[[ INFORMATION open ]]

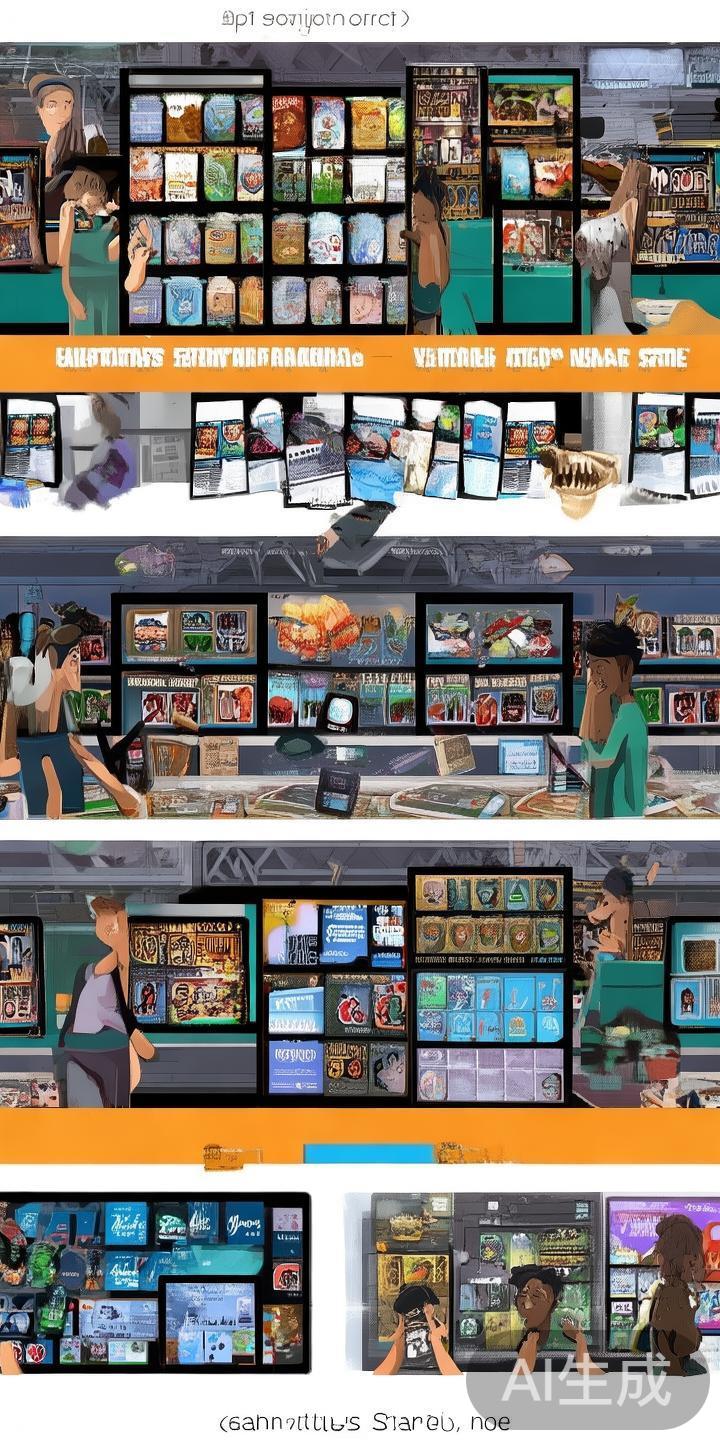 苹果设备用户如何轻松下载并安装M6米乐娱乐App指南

[[ INFORMATION closed ]]
[[ INFORMATION open ]]

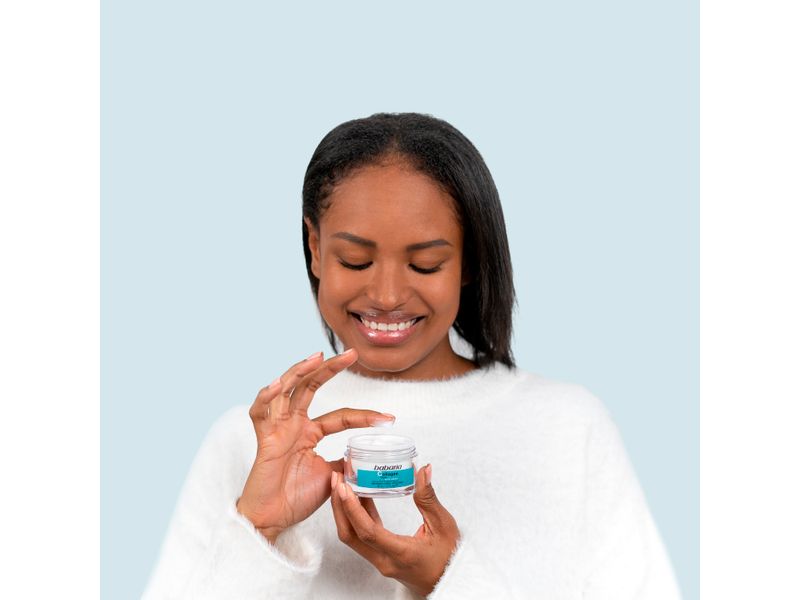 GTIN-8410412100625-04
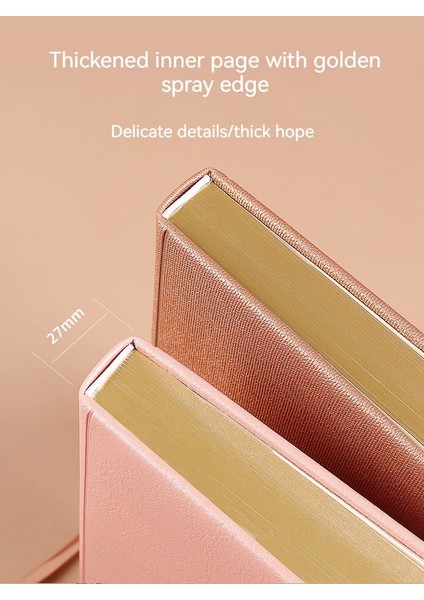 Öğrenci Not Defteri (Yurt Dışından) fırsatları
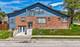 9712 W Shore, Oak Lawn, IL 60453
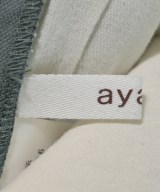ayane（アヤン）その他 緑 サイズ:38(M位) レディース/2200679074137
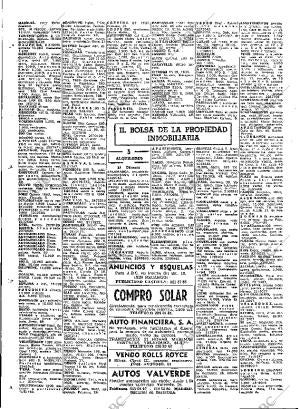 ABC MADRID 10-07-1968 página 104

[[ INFORMATION closed ]]
[[ INFORMATION open ]]

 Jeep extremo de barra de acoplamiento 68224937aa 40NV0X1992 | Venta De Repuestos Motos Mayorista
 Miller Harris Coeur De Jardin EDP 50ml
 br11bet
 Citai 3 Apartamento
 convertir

[[ INFORMATION closed ]]

**TASK REQUIREMENTS**
Give back exactly the lines above from the one with "Öğrenci Not Defteri" through the one with "ABC MADRID 10-07-1968 página 104", both included. Pictures don't belong in the copy.

**EXERCISE OUTPUT**
 Öğrenci Not Defteri (Yurt Dışından) fırsatları
 9712 W Shore, Oak Lawn, IL 60453
ayane（アヤン）その他 緑 サイズ:38(M位) レディース/2200679074137
 ABC MADRID 10-07-1968 página 104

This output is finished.